Added:
- New release: **v0.23.0 Pre-release** (12 Jun 2025) with 408 commits from 200 contributors (63 new).
- **Highlights**:
  - **DeepSeek-V4**: Further optimised across backends – decoupled sparse MLA metadata, TRTLLM-gen attention kernel, EPLB for Mega-MoE, selective prefix-cache retention, index-share for DSA MTP, XPU decode path, and more.
  - **Model Runner V2 (MRv2)**: Now default for Llama and Mistral dense models. Gained FlashInfer sampler, breakable CUDA graphs, pipeline-parallel bubble elimination, kernel block-size support for hybrid models, and Gemma 4 MTP.
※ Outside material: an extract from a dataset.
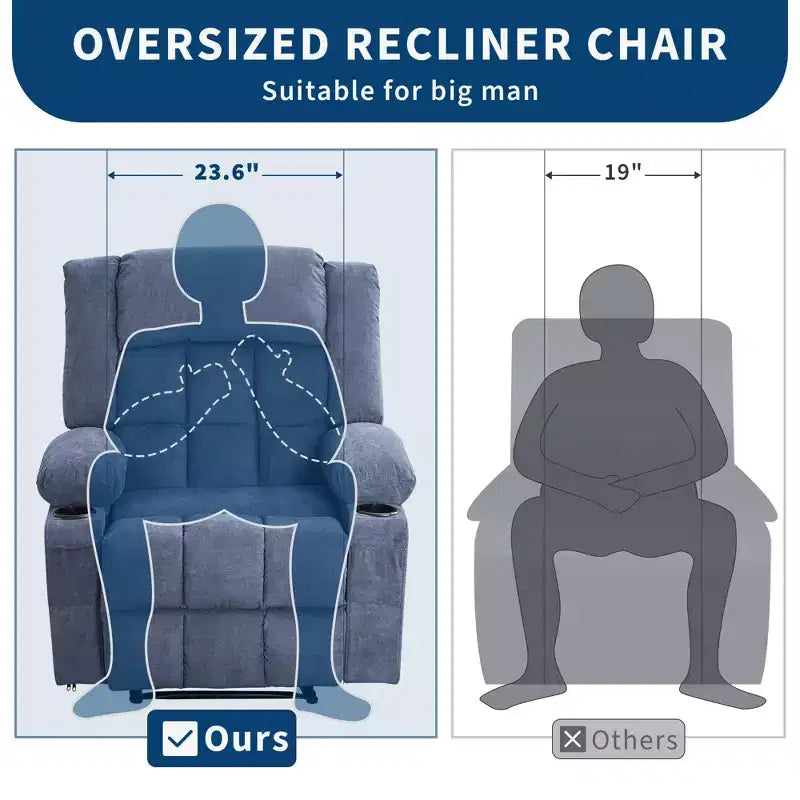 Large Recliner Chair , Manual Reclining Sofa with Massage and Heat , Comfy Sofa Chair with 3 Positions , 2 Side Pockets , 2 Front Pockets and 2 Cup Holder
  - **Rust frontend (experimental)**: Added streaming generate, dynamic LoRA endpoints, `/version` and `/server_info` endpoints, server-router extension, request-ID headers, and new tool parsers.
  - **Gemma 4**: Encoder-free Unified support and MTP added; numerous accuracy and startup fixes.
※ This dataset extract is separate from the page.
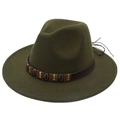 Detail of dark green fedora hat featuring brown leather band with metallic shell accents - Army Green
  - **Transformers v5 compatibility**: vLLM now targets Transformers v5 (v4 deprecated), with vendored MiniCPM-V/O processors and compatibility fixes.
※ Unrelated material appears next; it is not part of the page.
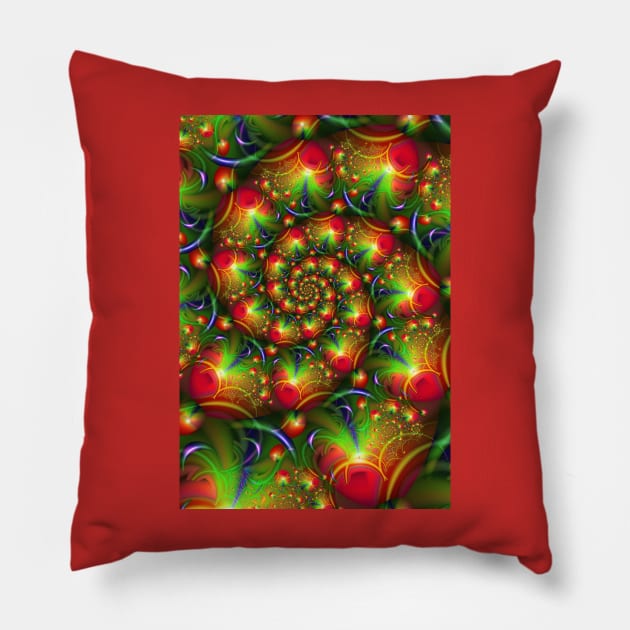 Christmas Abstract Spiral Pillow by pinkal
  - **Multi-tier KV cache offloading**: Object-store secondary tier, HMA default for capable connectors, per-request offloading policy.
  - **Unified parser**: Reasoning and tool-call parsing unified behind a single `Parser.parse()` interface.
- **Model Support**: New models – MiMo-V2.5, Step-3.7-Flash, Cosmos3 Reasoner, Gemma 4 Unified encoder-free, JetBrains Mellum v2, Granite Speech Plus, Cohere Mini Code. Plus extensive fixes and enhancements for Qwen3-VL, GLM, Bailing-MoE, MiniCPM, and others.
- **Engine Core**: MRv2 defaults, FlashInfer sampler, breakable CUDA graphs, pipeline-parallel bubble elimination, speculative decoding improvements (DFlash, lookahead caching), attention/hybrid Mamba refactors, pluggable KVCacheSpec, garbage collector freeze, sparse NCCL weight transfer.
- **Large Scale Serving & Distributed**: KV cache offloading enhancements, PP-aware handshake, multiple connector fixes (Nixl, Mooncake, LMCache), async EPLB default, DP placement groups, SSL for DP supervisor.
- **Hardware & Performance**: FP8 FlashInfer attention for ViT, Triton MoE backend on Hopper default, CUTLASS FP8 scaled-mm padding bypass, MoE-permute pre-allocation, TurboQuant. ROCm 7.2.3, AITER v0.1.13.post1, native W4A16 kernels for RDNA3, attention-sink support. Intel XPU updates. CPU zentorch W8A8/W4A16, TPU upgrades. Continued libtorch stable ABI migration.
- **Quantization**: ModelOpt LM-head quantization and MXFP8 non-gated MoE; compressed-tensors WNA8O8Int linears.

Removed:
- **v0.18.0** release (20 Mar 2025) was removed from the releases list.